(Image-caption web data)
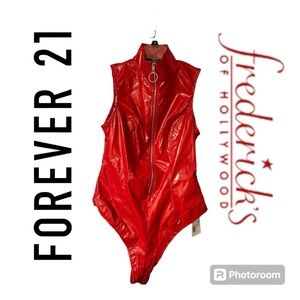Forever 21 X Fredricks of Hollywood NWT red vinyl bodysuit Large
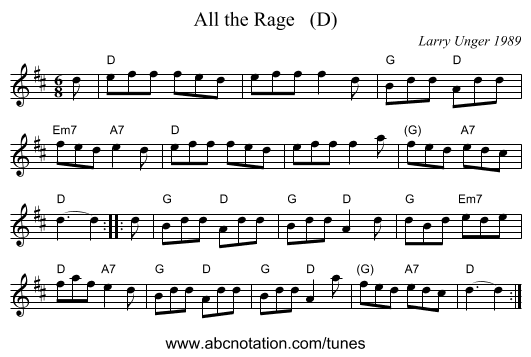 All the Rage   (D) - staff notation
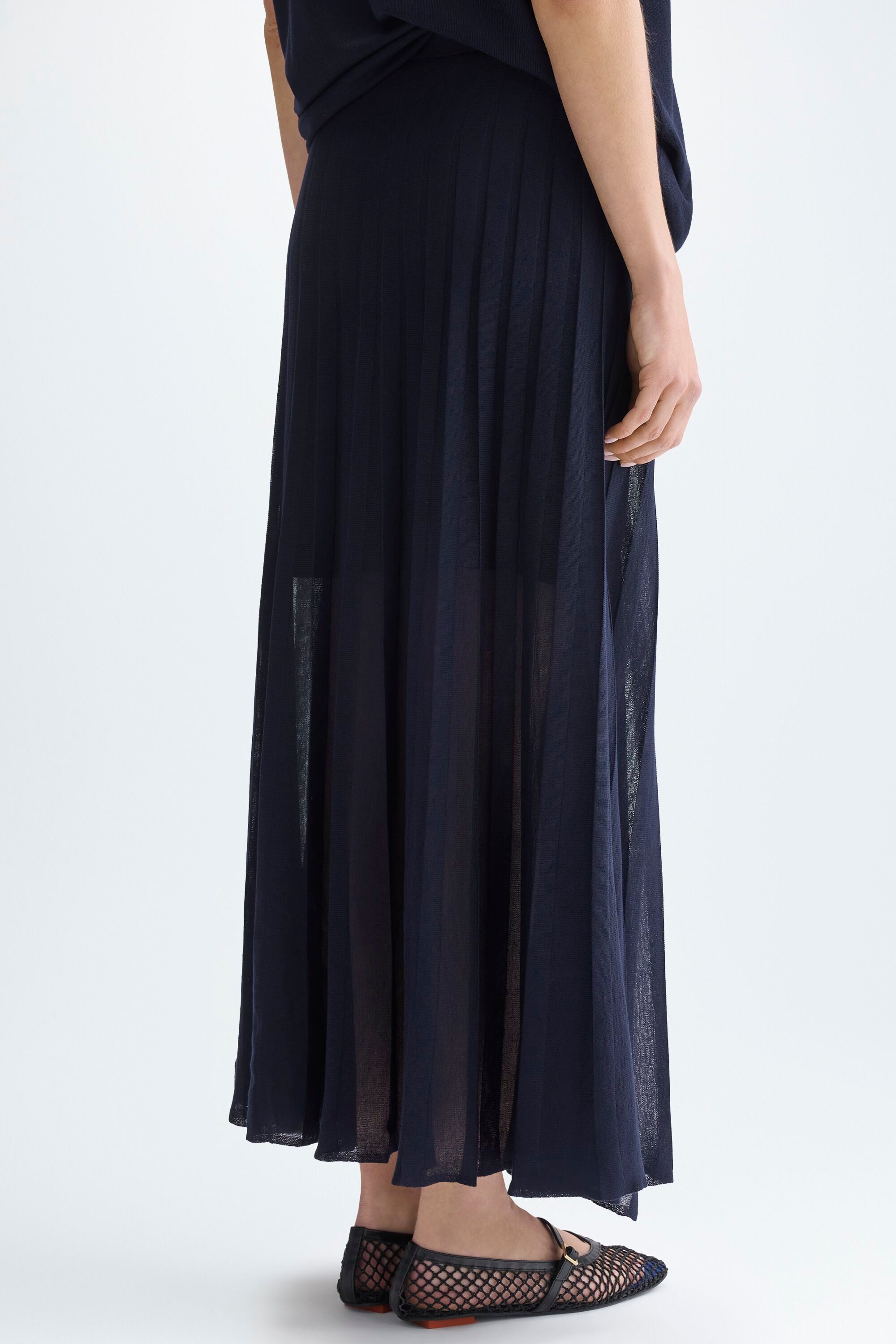 Semi-sheer pleated knit wrap skirt navy - Purificacion Garcia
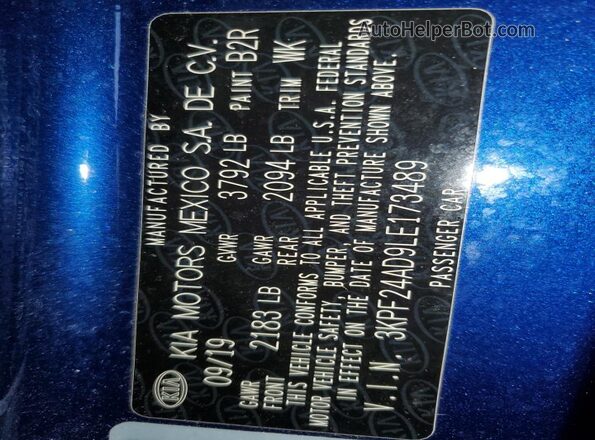3KPF24AD9LE173489 2020 KIA FORTE Blue VIN კოდის სტიკერის ხედი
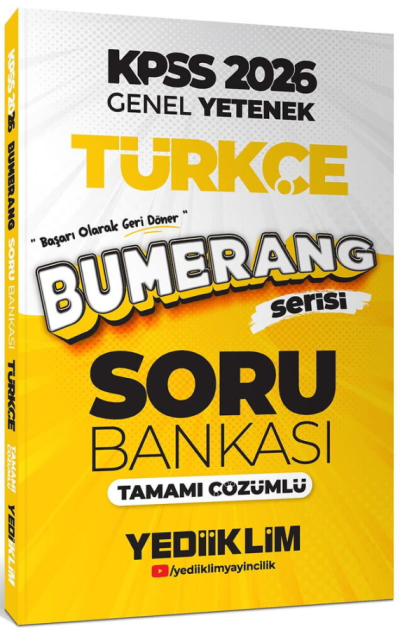 2026 KPSS Türkçe Bumerang Soru Bankası Çözümlü Yediiklim Yayınları Fotokopinci -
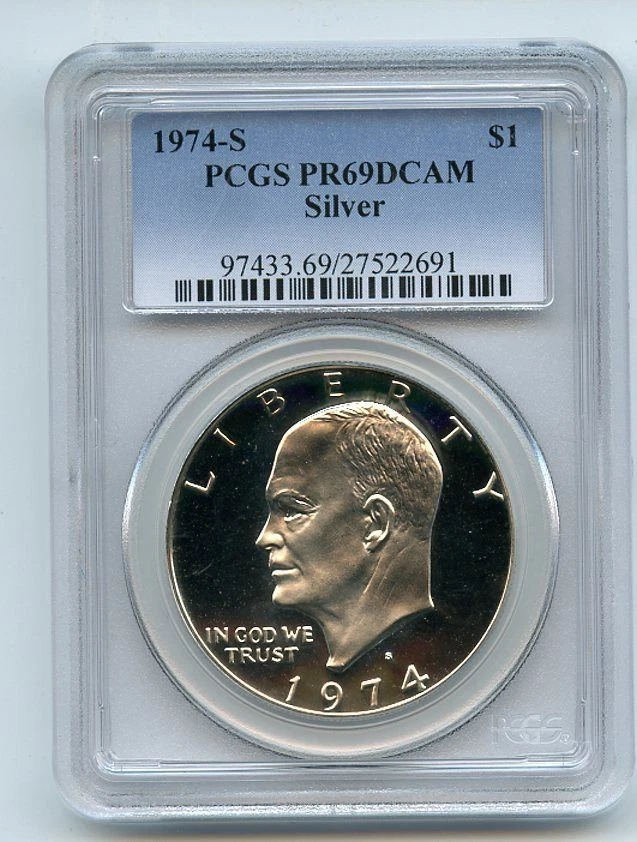 PCGS Certified PR 69 Graded 1974 Eisenhower Dollars (1971-1978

▸ WHAT YOU WILL DO
What you write must match, line for line, the lines from the one with "3KPF24AD9LE173489 2020 KIA" through the last line of the data above, minus the pictures.

▸ RESULT OF THE TASK
3KPF24AD9LE173489 2020 KIA FORTE Blue VIN კოდის სტიკერის ხედი
 2026 KPSS Türkçe Bumerang Soru Bankası Çözümlü Yediiklim Yayınları Fotokopinci -
 PCGS Certified PR 69 Graded 1974 Eisenhower Dollars (1971-1978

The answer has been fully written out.